Add new intrinsic `is_constant` and optimize `pow` #114390

Centri3 · 2023-08-02T21:03:48Z

This was suggested in #114254. This basically lets LLVM know that it can evaluate the next few statements at compile-time, and thus can completely remove them. This allows us to select a path at compile-time, and with optimizations on, the other will be entirely removed. This will likely be a bit slower in debug mode but this should be ok.

I've done this for the integer's pow methods as was done in #114254 and it works great!

We should probably restrict the types that can be passed to it, though, llvm.is.constant can be passed any type but some ICE. (So far, I know that all ZSTs cause an ICE)

cc @rust-lang/lang; I highly doubt this shouldn't be insta-const, but I think discussion should be warranted anyway.

rustbot · 2023-08-02T21:03:54Z

r? @Mark-Simulacrum

(rustbot has picked a reviewer for you, use r? to override)

rustbot · 2023-08-02T21:03:57Z

Some changes occurred to the CTFE / Miri engine

cc @rust-lang/miri

oli-obk · 2023-08-02T21:06:23Z

I highly doubt this shouldn't be insta-const, but I think discussion should be warranted anyway.

Make it insta-const and just always return false during const eval. It doesn't matter at const eval time 😅

library/core/src/intrinsics.rs

compiler/rustc_const_eval/src/interpret/intrinsics.rs

oli-obk · 2023-08-02T21:13:37Z

This basically lets LLVM know that it can evaluate the next few statements at compile-time, and thus can completely remove them.

That's not really it. This let's llvm know that we have a code path it will be able to optimize better if the arg is const, than the code path taken if the arg is not const.

This is a hint, similar to how we have size_of checks in generic code to optimize zst code paths.

compiler/rustc_hir_analysis/src/check/intrinsic.rs

library/core/src/intrinsics.rs

Centri3 · 2023-08-02T22:26:59Z

That's not really it. This let's llvm know that we have a code path it will be able to optimize better if the arg is const, than the code path taken if the arg is not const.

Yeah that's true, I was referring to the behavior though. In practice it'll do basically that, folding the next statements to a constant then removing the branch altogether

rustbot · 2023-08-02T23:20:08Z

The Miri subtree was changed

cc @rust-lang/miri

src/tools/miri/src/shims/intrinsics/mod.rs

rustbot · 2023-08-02T23:28:07Z

Some changes occurred in src/tools/cargo

cc @ehuss

Centri3 · 2023-08-02T23:28:47Z

?? How'd that happen?

compiler/rustc_codegen_llvm/src/context.rs

src/tools/miri/src/shims/intrinsics/mod.rs

RalfJung · 2023-08-03T06:37:10Z

I'm not sure if this is correct. I cannot test MIRI locally as there are tons of compile errors, so maybe somebody else can verify it?
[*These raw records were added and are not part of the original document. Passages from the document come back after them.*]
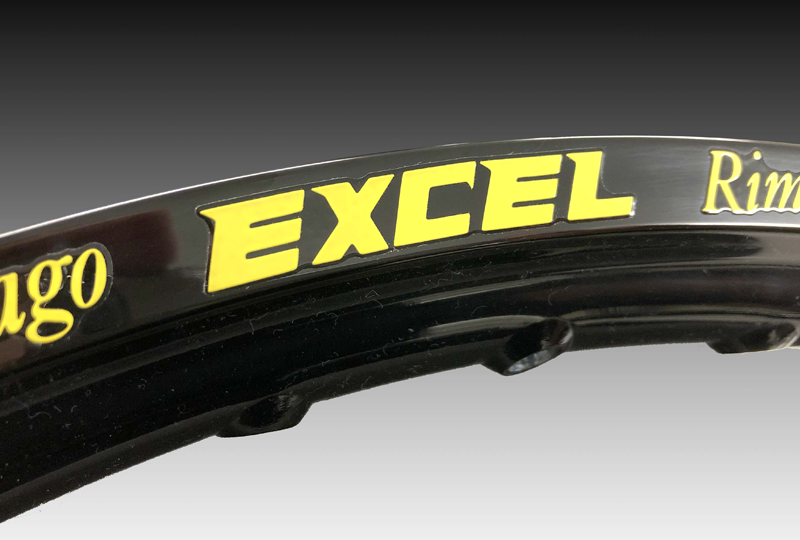 Yellow Transfer Sticker on Rim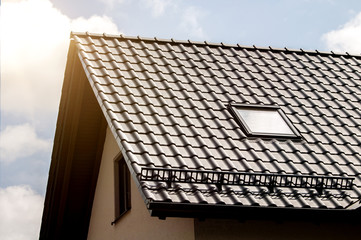 Eigenheim in der Abendsonne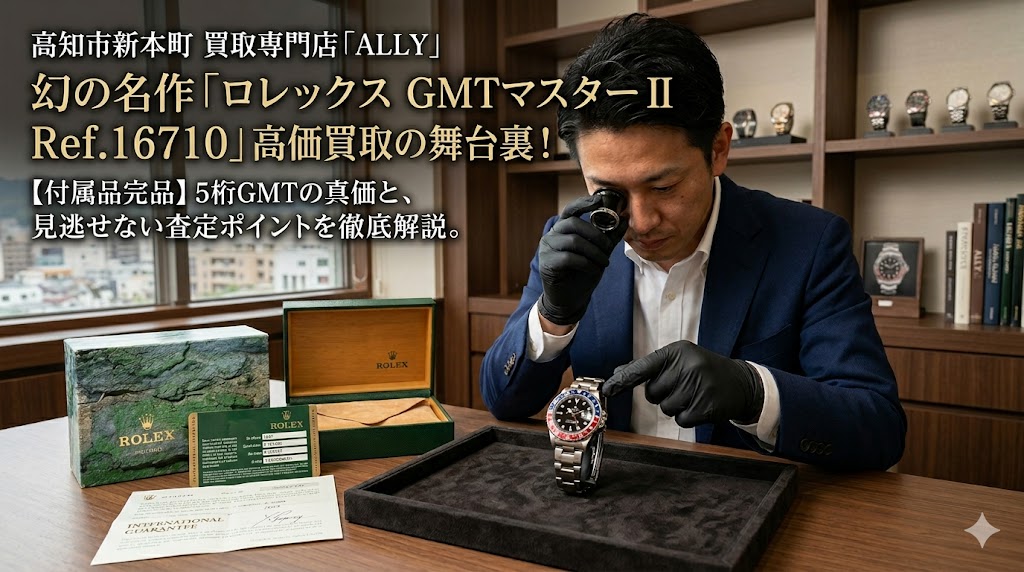 高知でロレックス Ref.16710を売るなら！GMTマスターⅡの真価を見極める買取店ALLY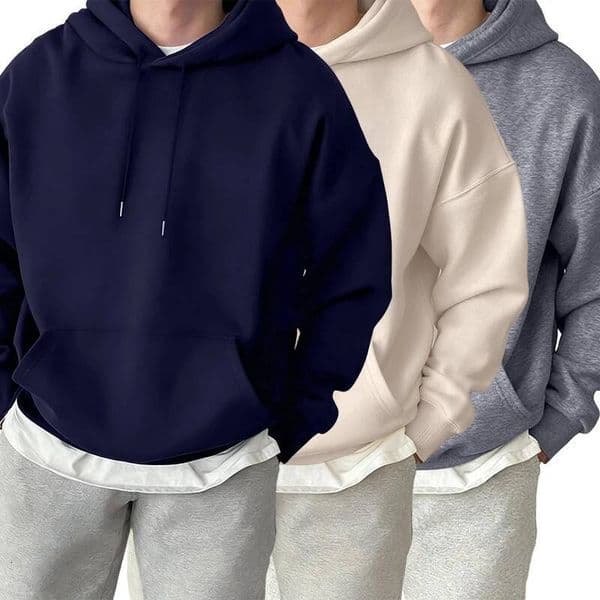 Fashion Solid Sweatshirt Sport Comfy Tracksuit Fleece Autumn Hoodies Man Basics Warm Streetwear Casual Jogging Clothes Unisex ddmytues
./x.py build --stage 0 miri should always work. If it doesn't, something is wrong either with your PR or your setup. test should also work but you'll have to add a testcase first, of course. If that raises strange error, find build/ -name "miri*" | xargs rm -rf helps (but this can only really happen if you've tested Miri before so is unlikely to be your problem).

compiler/rustc_const_eval/src/interpret/intrinsics.rs

RalfJung · 2023-08-03T06:46:56Z

You still have a cargo submodule update for cargo in your branch, please remove that. Looks like it is in an isolated commit so a git rebase --interactive origin/master should let you remove that one commit.

Not sure how that ended up in your branch, my guess would be a rebase got wrong. Please never rebase unless necessary.

src/tools/miri/src/shims/intrinsics/mod.rs

src/tools/cargo

library/core/src/intrinsics.rs

library/core/src/num/int_macros.rs

RalfJung · 2023-09-05T13:35:23Z

src/tools/miri/tests/pass/intrinsics.rs

+    let mut saw_false = false;
+


Suggested change

let mut saw_false = false;

let mut saw_false = false;

just a nit to make it visually more clear that these are all together testing one thing

EDIT: hm I tried to remove the empty line, not sure if github supports that...

Centri3 · 2023-09-05T14:19:24Z

PR CI uses an older LLVM and has debug assertions enabled. Those could be causing differences.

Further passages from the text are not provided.